Building low-carbon websites with Wagtail & Django

Vince Salvino

Sunday 10 a.m.–1 p.m. in Hall A

How much do you know about websites’ carbon footprint? The web’s environmental sustainability is an important consideration for some, and an afterthought for others. But everyone needs a better understanding of exactly what moves the needle – and simple things that can reduce one’s footprint.

Wagtail is an open source content management system built with Python and Django. In recent years, Wagtail has made huge investments in lowering websites’ carbon footprint. We will show some of the background research, major sustainability improvements in Wagtail, and how to leverage these capabilities in Wagtail to reduce your own website's carbon footprint, including: - Automated checks that are available to identify improvements - Images: beyond file size, what moves the needle - Tools to measure the energy consumption of Python code specifically

Painting with Python (poster)

Caleb Madrigal

Sunday 10 a.m.–1 p.m. in Hall A

Caleb is a mathy lenticular hologram artist, here to share the basics of doing art with Python. Each piece is a self-contained Python script that uses as few dependencies as possible (mostly just Python Image Library). No GPU acceleration. No AI. Just good old fashion vanilla Python. I'll be open-sourcing (for the first time) a few of the pieces of art I've done. For a preview of what mathy lenticular holograms look like, check out https://gods.art.

Improving in Chess using Python

Adarsh Divakaran

Sunday 10 a.m.–1 p.m. in Hall A

Chess, one of the most iconic board games in history, has a global community nearing a billion players. With the help of powerful chess engines, computers have democratized access to advanced chess analysis tools - tools that even top grandmasters use to analyze and improve their games.

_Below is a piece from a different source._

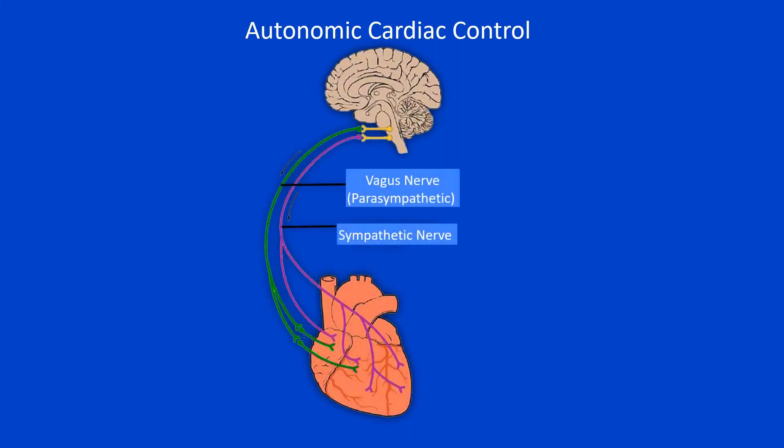In this video, we have seen the physiological mechanisms of autonomic cardiovascular control. Thanks for watching, and make it a great day!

The good news is that these top chess engines are free, and as Python programmers, we can utilize them to enhance our own chess skills. Chess positions and moves are denoted using standard notations like PGN and FEN, making it easier to analyze and visualize them programmatically.

This poster will explore how to use Python to: - Parse chess games using the python-chess library.
- Analyze games with the help of chess engines to identify mistakes and learn from them.
- Visualize games and positions using the chess-board library.